Victor Adebowale looks at how to move from rhetoric to reality and make collaboration between local government and health possible.

This article was written by Collaborate’s founder and Chair, Victor Adebowale and was originally published in the Municipal Journal.


For years, policy has emphasised the need for closer collaboration between local government and the NHS. From integrated care systems to neighbourhood health, the language of partnership is now well established. But a gap between policy and practice persists.

Closing that gap matters because of the difference collaboration can make to people’s lives. Hospitals and clinical services are critical, but the factors that shape health most profoundly lie elsewhere: housing, employment, social connection, air quality, education, safety and income.

The public do not share the distinctions that institutions hold dear. They do not experience life through organisational charts. They simply want services to work and to be treated with dignity.

If leaders are serious about prevention and tackling health inequalities, collaboration between the NHS and local government is not optional, it is foundational.

Why collaboration is difficult

Much of the disconnect between policy and practice is structural. At the moment, we have integration rhetoric layered on top of competitive, compliance-driven structures. That contradiction is why the gap persists.

Structural and cultural differences between the NHS and local government are also a factor.

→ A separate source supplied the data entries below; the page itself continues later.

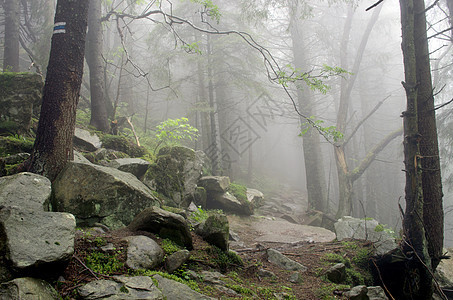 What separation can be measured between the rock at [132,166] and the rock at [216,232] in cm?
304

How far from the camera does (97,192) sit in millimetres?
4160

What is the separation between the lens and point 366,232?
541cm

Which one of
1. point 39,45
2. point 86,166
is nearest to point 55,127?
point 86,166

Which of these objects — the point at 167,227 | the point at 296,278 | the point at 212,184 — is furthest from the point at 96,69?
the point at 296,278

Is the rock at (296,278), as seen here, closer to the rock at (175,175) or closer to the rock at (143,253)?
the rock at (143,253)

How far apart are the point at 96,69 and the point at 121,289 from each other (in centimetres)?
794

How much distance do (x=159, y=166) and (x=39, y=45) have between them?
9.10 m

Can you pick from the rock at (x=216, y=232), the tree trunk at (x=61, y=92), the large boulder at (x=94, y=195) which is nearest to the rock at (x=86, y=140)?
the tree trunk at (x=61, y=92)

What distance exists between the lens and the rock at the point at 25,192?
2.81 m

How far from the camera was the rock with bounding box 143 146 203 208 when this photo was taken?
21.6 feet

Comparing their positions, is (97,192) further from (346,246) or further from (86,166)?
(346,246)

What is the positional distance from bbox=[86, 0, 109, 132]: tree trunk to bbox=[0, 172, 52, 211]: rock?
5301 mm

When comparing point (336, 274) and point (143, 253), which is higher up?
point (143, 253)

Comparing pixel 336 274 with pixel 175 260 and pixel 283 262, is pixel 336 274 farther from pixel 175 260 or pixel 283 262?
pixel 175 260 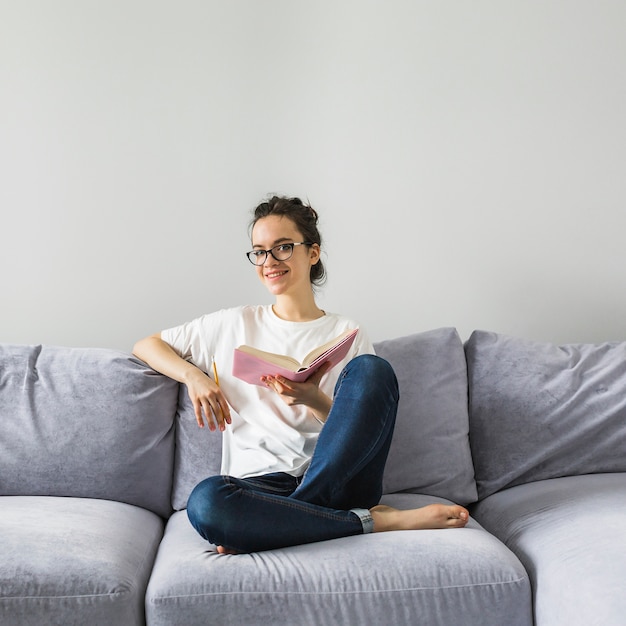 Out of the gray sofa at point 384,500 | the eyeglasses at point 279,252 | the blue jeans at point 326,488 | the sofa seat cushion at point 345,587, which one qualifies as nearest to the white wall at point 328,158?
the gray sofa at point 384,500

Local government operates within a democratic framework. Elected members face direct accountability to their communities. The NHS, by contrast, is largely managed through national structures and does not face the same direct democratic pressure.

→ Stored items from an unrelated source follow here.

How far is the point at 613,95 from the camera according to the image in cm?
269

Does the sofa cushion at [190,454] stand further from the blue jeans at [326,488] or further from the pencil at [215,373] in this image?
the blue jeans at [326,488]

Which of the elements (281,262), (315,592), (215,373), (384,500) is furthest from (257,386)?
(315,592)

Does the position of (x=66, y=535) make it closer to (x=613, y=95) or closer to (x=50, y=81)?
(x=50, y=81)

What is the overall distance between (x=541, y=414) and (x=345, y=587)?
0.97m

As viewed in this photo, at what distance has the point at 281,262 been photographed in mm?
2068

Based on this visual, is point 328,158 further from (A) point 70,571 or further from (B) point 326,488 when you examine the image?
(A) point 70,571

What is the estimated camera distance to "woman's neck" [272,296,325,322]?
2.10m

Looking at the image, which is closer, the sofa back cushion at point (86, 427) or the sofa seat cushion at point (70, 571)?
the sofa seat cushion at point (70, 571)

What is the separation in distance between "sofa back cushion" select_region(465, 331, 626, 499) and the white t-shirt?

There are also differences in leadership culture and language. Without deliberate effort to translate and understand each other’s perspectives, misunderstandings can quickly emerge. Leaders can find themselves defending their own organisations rather than working together to improve outcomes. The communities both systems serve are the ones who ultimately pay the price.

The role of national government

National government has a role to play in creating the conditions for collaboration.

The first requirement is to align incentives with prevention. At present, many financial and performance frameworks reward activity rather than reducing demand. If prevention works, organisations can find themselves financially worse off.

The second requirement is stability. Structural reform cycles that come and go every few years consume enormous leadership energy and destroy the relational capital that collaboration depends upon.

The third requirement is clarity about accountability for population outcomes, rather than simply organisational performance metrics, which can often be gamed.

The fourth is investment in leadership development. System leadership – the ability to lead across organisational boundaries – is not automatically produced by seniority. In my experience, seniority can sometimes reduce the likelihood of it being rewarded.

National government should not micro-manage how collaboration happens locally. It should provide frameworks and hold systems to account for population outcomes, but trust people to work out how best to deliver them.

What local leaders can do

Local leaders need to make the most of the agency they already have. One of the things I notice when working with leaders in both the NHS and local government is how much time is spent discussing things that cannot be changed – national policy, political decisions or funding settlements.

Local leaders can use their authority more actively to move beyond institutional defensiveness and focus instead on what works for communities.

Recognising this shared responsibility can transform the way systems operate. In practice, that often means leaders taking calculated risks, building relationships across organisations and prioritising joint outcomes rather than protecting individual budgets.

Making neighbourhood health real

The growing focus on neighbourhood health offers a major opportunity to embed collaboration locally. But it also carries a risk: that systems create new governance structures without clarity about their purpose. The first step should be to define the intention behind any new neighbourhood arrangements before designing the bureaucracy around them.

Neighbourhood approaches should be genuinely co-designed with communities, not simply for them. This requires transferring real power so people can shape decisions and actions in new ways alongside clear and consistent communication that shows their voices have been meaningfully heard.

There are practical tests that any new service should pass. It should reduce the number of places people have to go to get help. People should only have to tell their story once. And outcomes should not vary because of the colour of someone’s skin or the size of their wallet.

A call to action

Collaboration requires shared risk, distributed leadership and a tolerance for ambiguity. Those things are not always comfortable in systems that are used to command-and-control behaviour.

But when institutions stop defending their turf and start sharing responsibility for outcomes, something different becomes possible.

For senior leaders across local government and the NHS, the opportunity is clear. By focusing on shared outcomes, empowering communities and using their authority to build partnerships, they can move collaboration from aspiration to everyday practice. And when that happens, the benefits are felt by everyone – and particularly by the people and places they serve.


Victor Adebowale is founder and chair of Collaborate CIC and chair of The NHS Alliance.